Un texte portant sur le règlement paiements directs et plus particulièrement la surprime (« top-up ») de 2 % accordée aux jeunes agriculteurs permettra à partir de 2016 ou 2017 aux États membres d’exclure des entités juridiques contrôlées conjointement par de jeunes agriculteurs et d’autres agriculteurs afin, indique la Commission dans son projet, « d’accroître l’efficacité et la portée du paiement pour les jeunes agriculteurs et de réduire la charge administrative liée aux contrôles ».

Des souplesses pour les paiements couplés

Enfin, dans le cadre des paiements couplés facultatifs accordés aux secteurs sensibles, la Commission souhaite permettre, à partir de 2016, aux États membres d’introduire, dans une certaine mesure, une modulation de ces aides au sein d’un même secteur afin de tenir compte de la taille du bénéficiaire, ce que ne permet pas le règlement actuel qui impose un taux unitaire d’aide. « Il s’agit, souligne Bruxelles, d’améliorer le ciblage et l’utilisation » de ces fonds. Dans la même optique, les États membres pourront, à partir de 2016, transférer des fonds entre les mesures de soutien couplé selon les années (sous certaines conditions). Dernière mesure dans ce cadre : une simplification des notifications par les États membres de ces aides couplées.

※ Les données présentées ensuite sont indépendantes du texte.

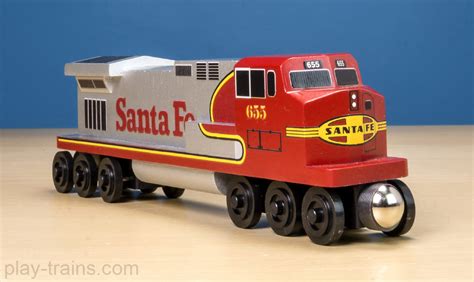 Train Cars Bnsf Diesel Locomotive Magnetic Wooden Train Toys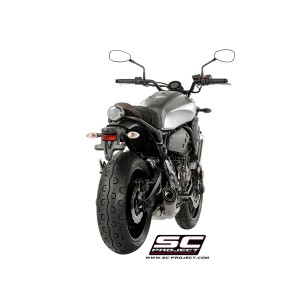 SC Project para YAMAHA XSR 700 (2016 - 2020) - Línea de escape completa 2-1 acero inoxidable, con escape S1 titanio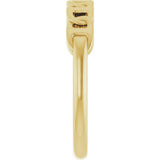 14K Yellow Gold Anchor Chain Link Ring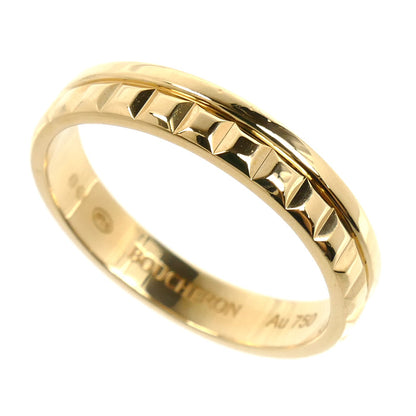 Boucheron ブシュロン K18YG イエローゴールド キャトル ラディアント ハーフ リング・指輪 JAL00251 16.5号 57 4.5g ユニセックス【中古】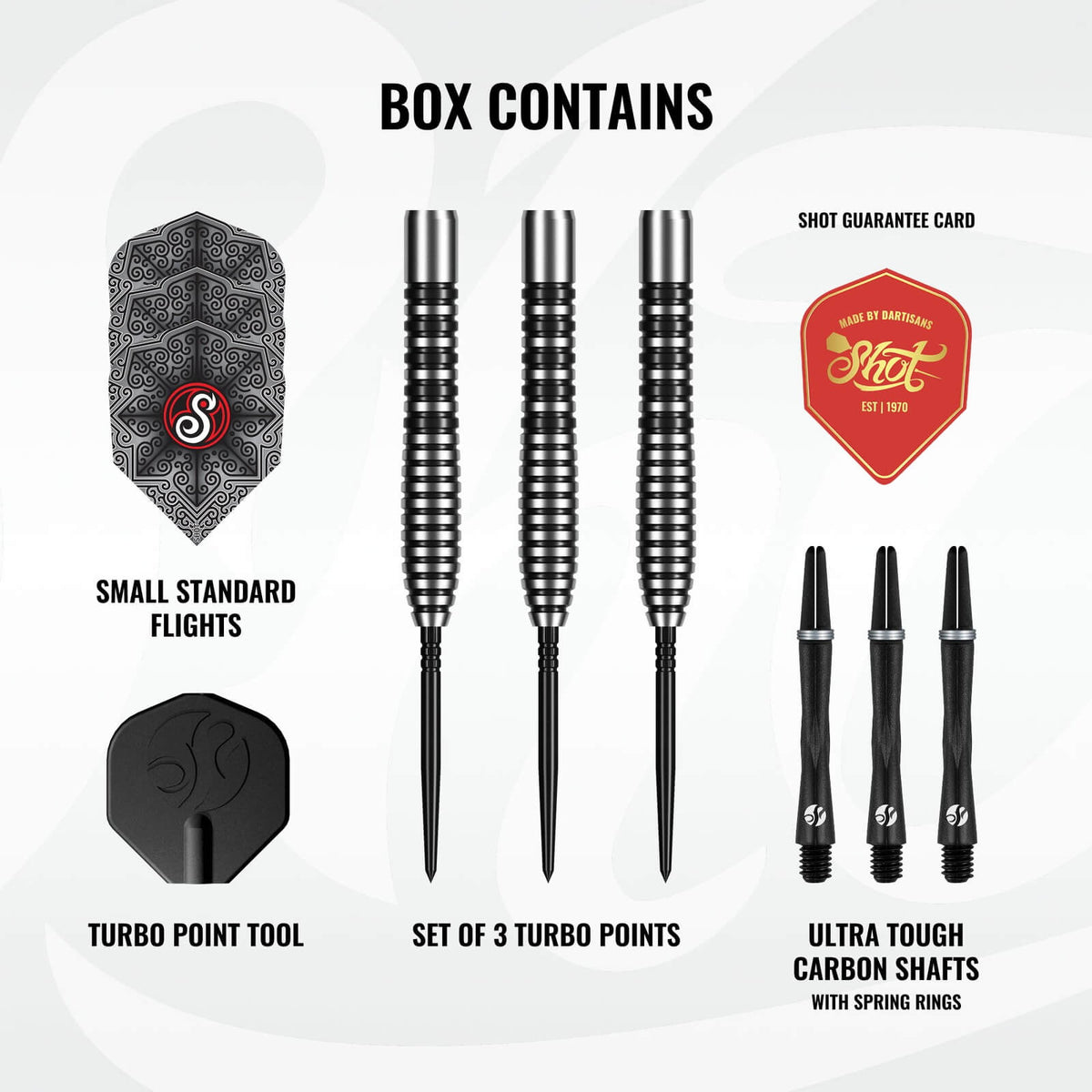 Shot - Raymond Smith Darts - Turbo Point - 90% Tungsten - 22g -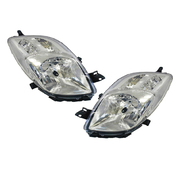 Pair of Headlights For Toyota Yaris Hatch 2005-2008 Models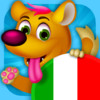 Learn Italian with Animalia - Interactive Talking Animals - fun educational game for kids to play and learn wild and farm animals sounds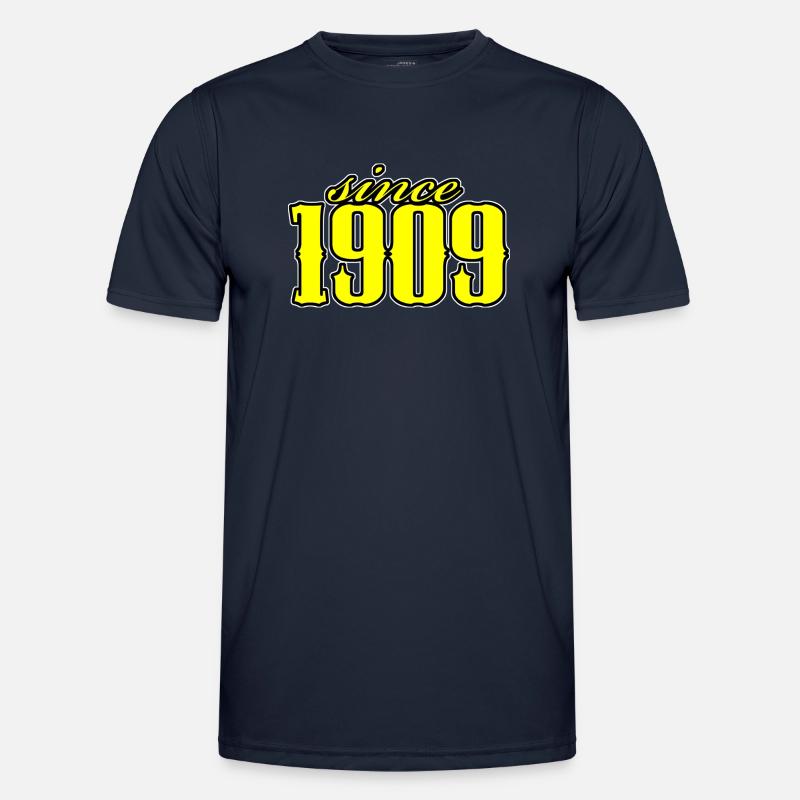 since 1909 (yellow) - Men's Functional T-Shirt - navy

L’ensemble de ces mesures pourra être adopté rapidement. Les plus longues à entrer en application seront celles concernant les aides couplées et les jeunes agriculteurs qui sont des actes délégués sur lesquels le Conseil et le Parlement européen disposent d’une période d’objection de 2 mois. Un autre paquet portant sur le verdissement et l’éco-conditionnalité des aides est attendu pour le printemps.